How can I append each new array in the next row of the matrix? Thank you in advance.

Answer 1

I would suggest working with list

matrix = []

for i in range(10):
    a = np.ones(2)
    matrix.append(a)

matrix = np.array(matrix)

list does not have the downside of being copied in the memory everytime you use append. so you avoid the problem described by ali_m. at the end of your operation you just convert the list object into a numpy array.

Answer 2

I suspect the root of your problem is the meaning of 'shape' in np.empty(shape=2)

If I run a small version of your code

matrix = np.empty(shape=2)
for i in np.arange(3):
    array = np.zeros(3)
    matrix = np.append(matrix, array)

I get

array([  9.57895902e-259,   1.51798693e-314,   0.00000000e+000,
     0.00000000e+000,   0.00000000e+000,   0.00000000e+000,
     0.00000000e+000,   0.00000000e+000,   0.00000000e+000,
     0.00000000e+000,   0.00000000e+000])

See those 2 odd numbers at the start? Those are produced by np.empty(shape=2). That matrix starts as a (2,) shaped array, not an empty 2d array. append just adds sets of 3 zeros to that, resulting in a (11,) array.

Now if you started with a 2 array with the right number of columns, and did concatenate on the 1st dimension you would get a multirow array. (rows only have meaning in 2d or larger).

mat=np.zeros((1,3))
for i in range(1,3):
    mat = np.concatenate([mat, np.ones((1,3))*i],axis=0)

produces:

array([[ 0.,  0.,  0.],
       [ 1.,  1.,  1.],
       [ 2.,  2.,  2.]])

A better way of doing an iterative construction like this is with list append

alist = []
for i in range(0,3):
    alist.append(np.ones((1,3))*i)
mat=np.vstack(alist)

alist is:

[array([[ 0.,  0.,  0.]]), array([[ 1.,  1.,  1.]]), array([[ 2.,  2.,  2.]])]

mat is

array([[ 0.,  0.,  0.],
       [ 1.,  1.,  1.],
       [ 2.,  2.,  2.]])

With vstack you can get by with np.ones((3,), since it turns all of its inputs into 2d array.

append would work, but it also requires axis=0 parameter, and 2 arrays. It gets misused, often by mistaken analogy to the list append. It is just another front end to concatenate. So I prefer not to use it.

Notice that other posters assumed your random value changed during the iteration. That would produce a arrays of differing lengths. For 1d appending that would still produce the long 1d array.
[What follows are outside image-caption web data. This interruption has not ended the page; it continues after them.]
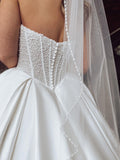 Pearl Edge Veil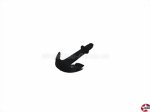 Anker Metall historisch 20x14mm Aeronaut 562421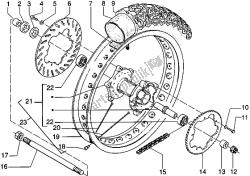 roue arrière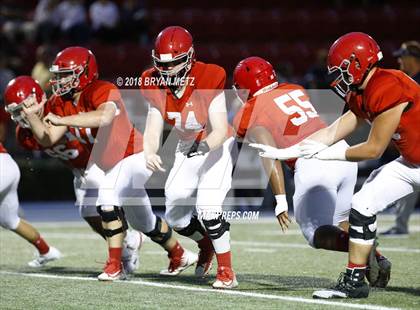 Thumbnail 2 in Knoxville Catholic @ Brentwood Academy photogallery.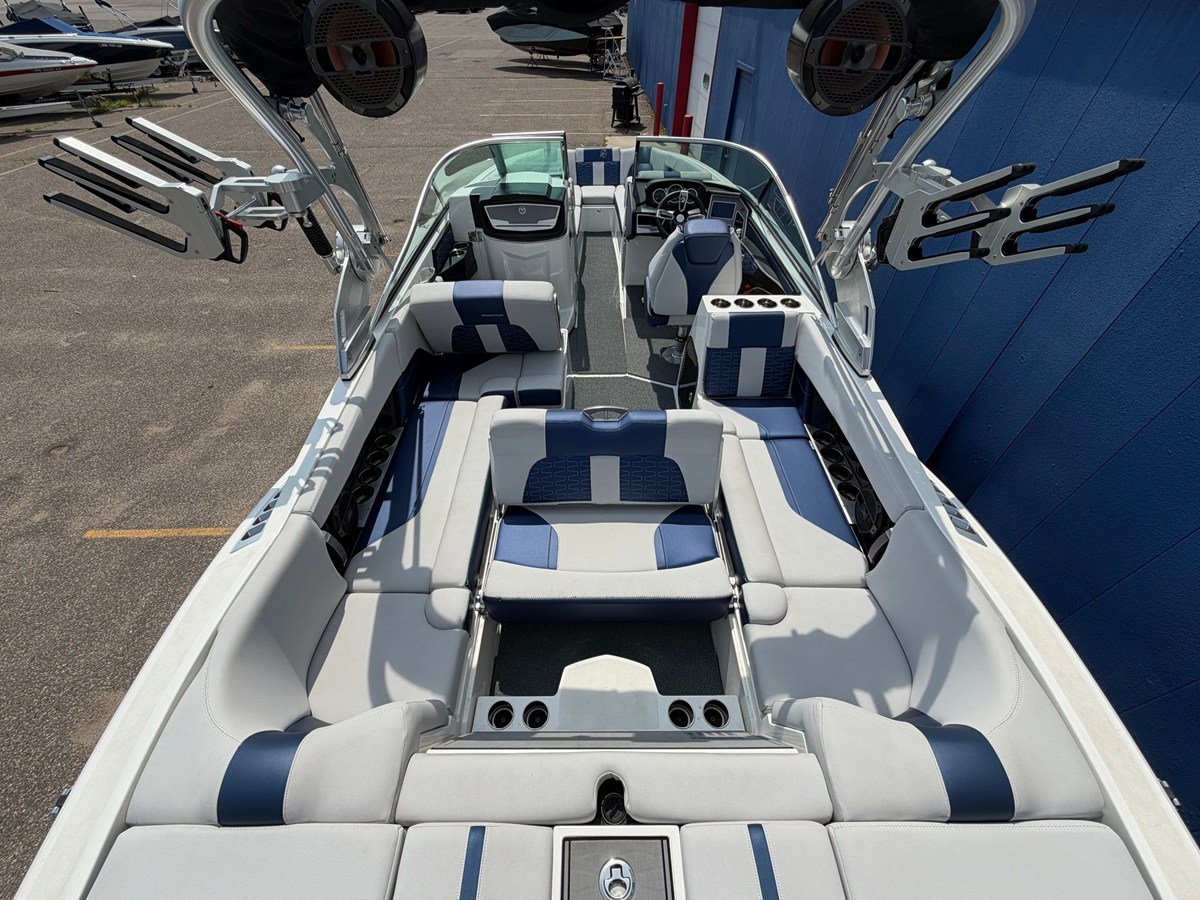 2019 Mastercraft X26 12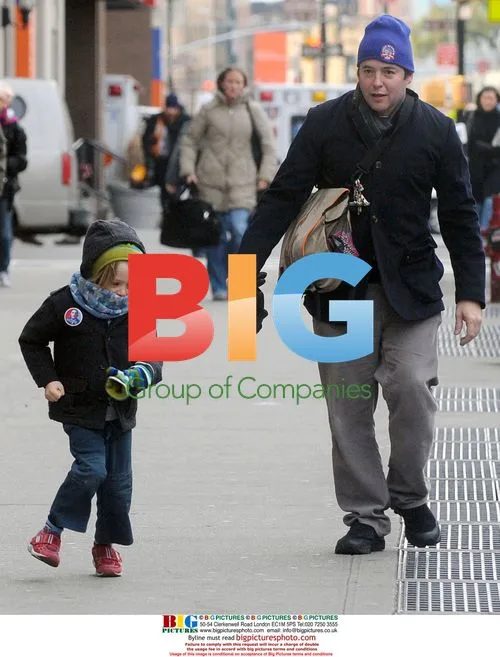 Matthew Broderick surprises son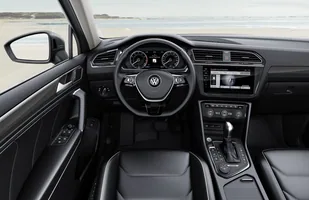 Volkswagen Tiguan Allspace. Ceny — zdjęcie 8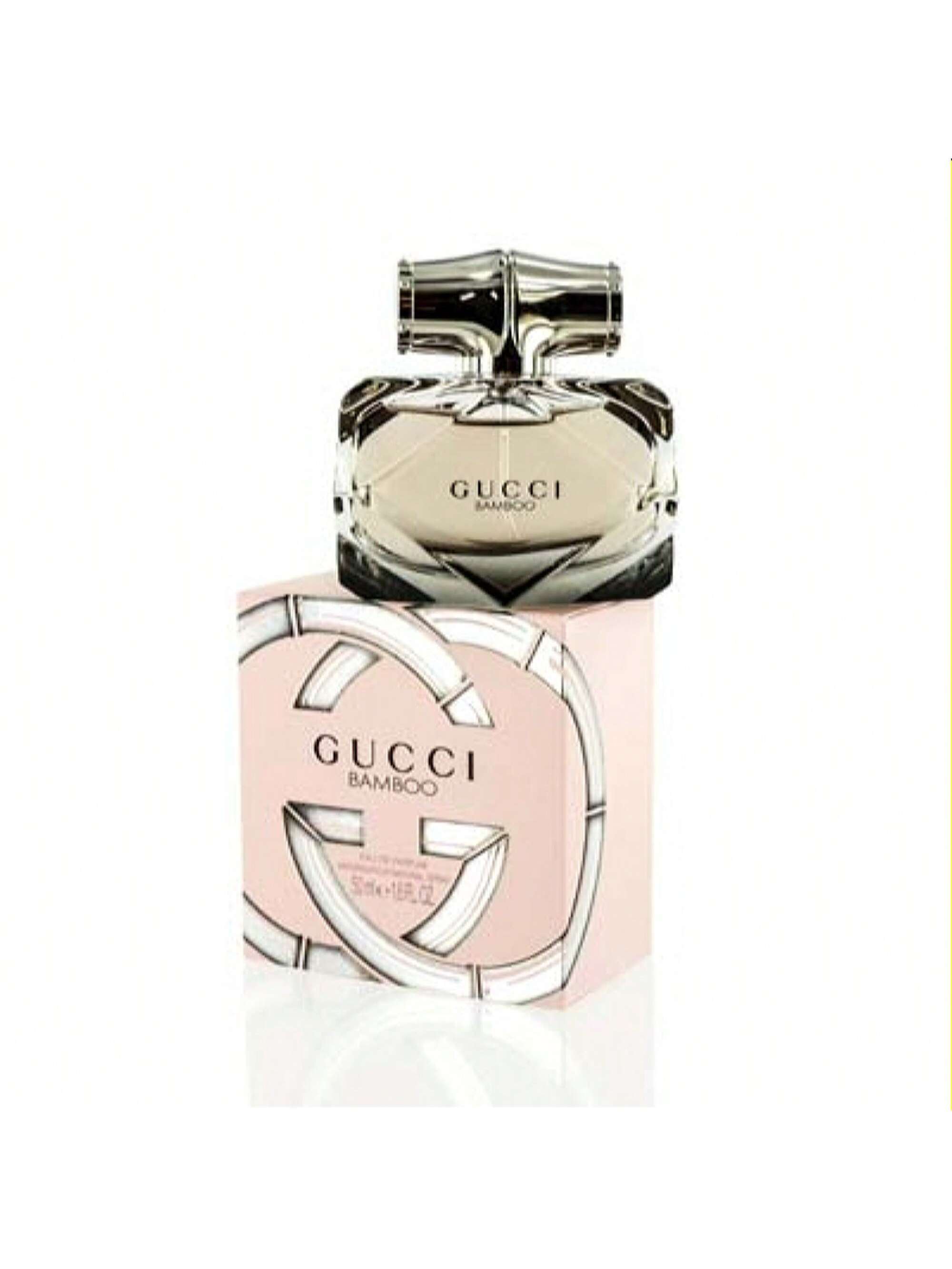 Gucci Bamboo by Gucci EDP Spray 1.6 Oz - Women 737052925073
But a 2d append wouldn't work, because an 2d array can't be ragged.

mat = np.zeros((2,),int)
for i in range(4):
    mat=np.append(mat,np.ones((i,),int)*i)
# array([0, 0, 1, 2, 2, 3, 3, 3])

Answer 3

The function you are looking for is np.vstack

Here is a modified version of your example

import numpy as np

matrix = np.empty(shape=2)

for i in np.arange(3):
    array = np.zeros(2)
    matrix = np.vstack((matrix, array))

The result is

array([[ 0.,  0.],
       [ 0.,  0.],
       [ 0.,  0.],
       [ 0.,  0.]])